Note that IPA keeps alignment info on the side, so part of this info is kept
across passes.  But I assume they're doing this, because originally ranges
didn't have alignment (value/mask) info associated with them.

[Bug tree-optimization/114995] C++23 Assume keyword not being used for vectorization

[cvs-commit at gcc dot gnu.org]

https://gcc.gnu.org/bugzilla/show_bug.cgi?id=114995

--- Comment #12 from GCC Commits <cvs-commit at gcc dot gnu.org> ---
The master branch has been updated by Aldy Hernandez <aldyh@gcc.gnu.org>:

https://gcc.gnu.org/g:c400b2100719d0a9e5989c63e0827b9e98919df3

commit r15-504-gc400b2100719d0a9e5989c63e0827b9e98919df3
Author: Aldy Hernandez <aldyh@redhat.com>
Date:   Tue May 14 16:21:50 2024 +0200

    [prange] Default pointers_handled_p() to false.

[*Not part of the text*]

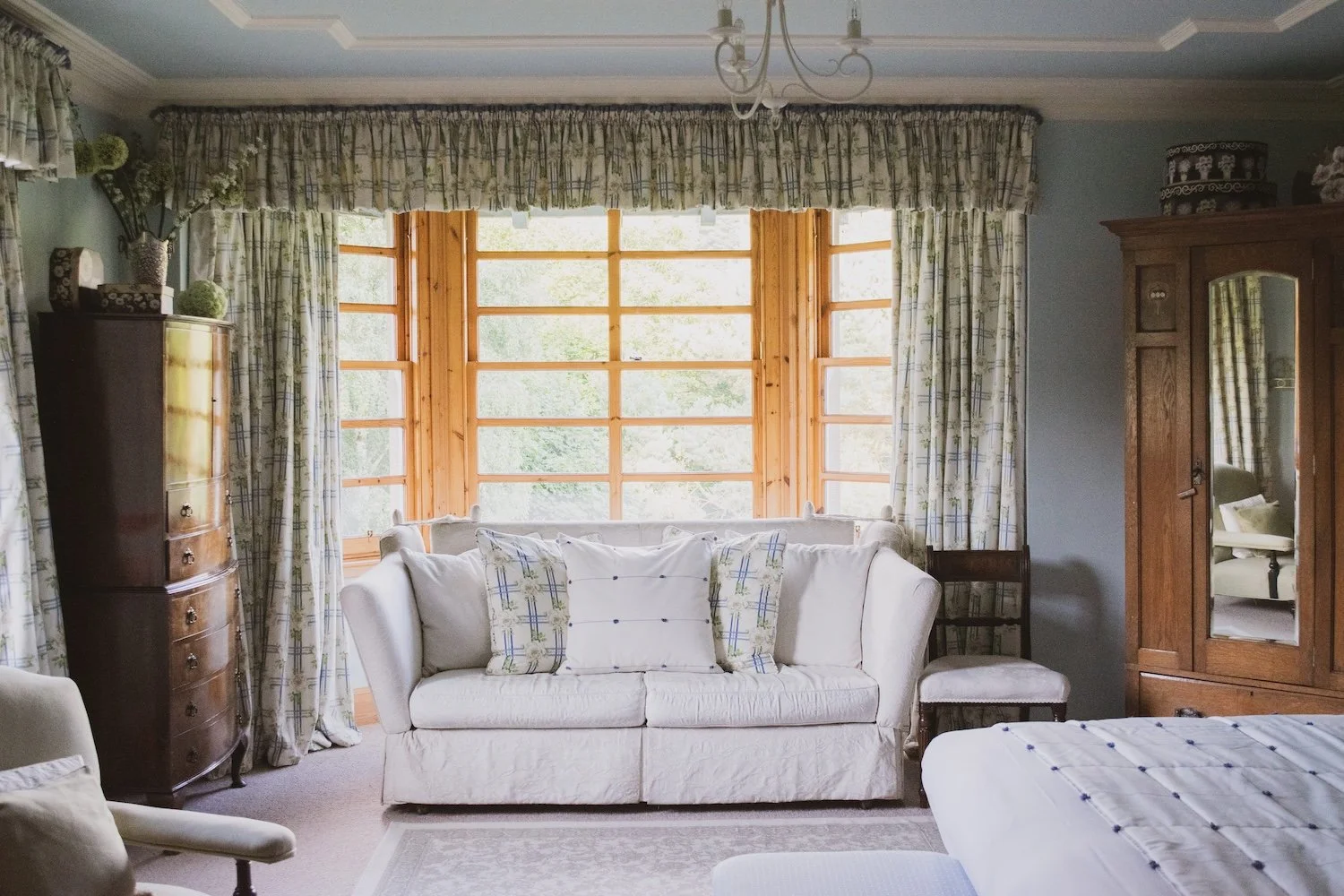 A vintage living room with a white sofa, patterned cushions, and floral curtains in front of a large window with wooden framing. There is a tall wooden dresser with decorative items on top, and an armoire with a mirror, all in a cozy, traditional sty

    The pointers_handled_p() method is an internal range-op helper to help
    catch dispatch type mismatches for pointer operands.  This is what
    caught the IPA mismatch in PR114985.

    This method is only a temporary measure to catch any incompatibilities
    in the current pointer range-op entries.  This patch returns true for
    any *new* entries in the range-op table, as the current ones are
    already fleshed out.  This keeps us from having to implement this
    boilerplate function for any new range-op entries.

            PR tree-optimization/114995
            * range-op-ptr.cc (range_operator::pointers_handled_p): Default to
true.

[Bug tree-optimization/114995] C++23 Assume keyword not being used for vectorization

[aldyh at gcc dot gnu.org]

https://gcc.gnu.org/bugzilla/show_bug.cgi?id=114995

--- Comment #13 from Aldy Hernandez <aldyh at gcc dot gnu.org> ---
(In reply to Aldy Hernandez from comment #10)
> Created attachment 58202 [details]
> proof of concept implementing a range-op entry for builtin_assume_aligned
> 
> Something like this (properly coded and enhanced) would work.
> 
> The pointers_handled_p() cruft is temporary boilerplate to indicate that we
> only support a fold-range() of PRANGE = IRANGE op PRANGE for this operation.
> This is going away when the dust settles.

FYI, I've removed the pointers_handled_p requirement for new range-op entries.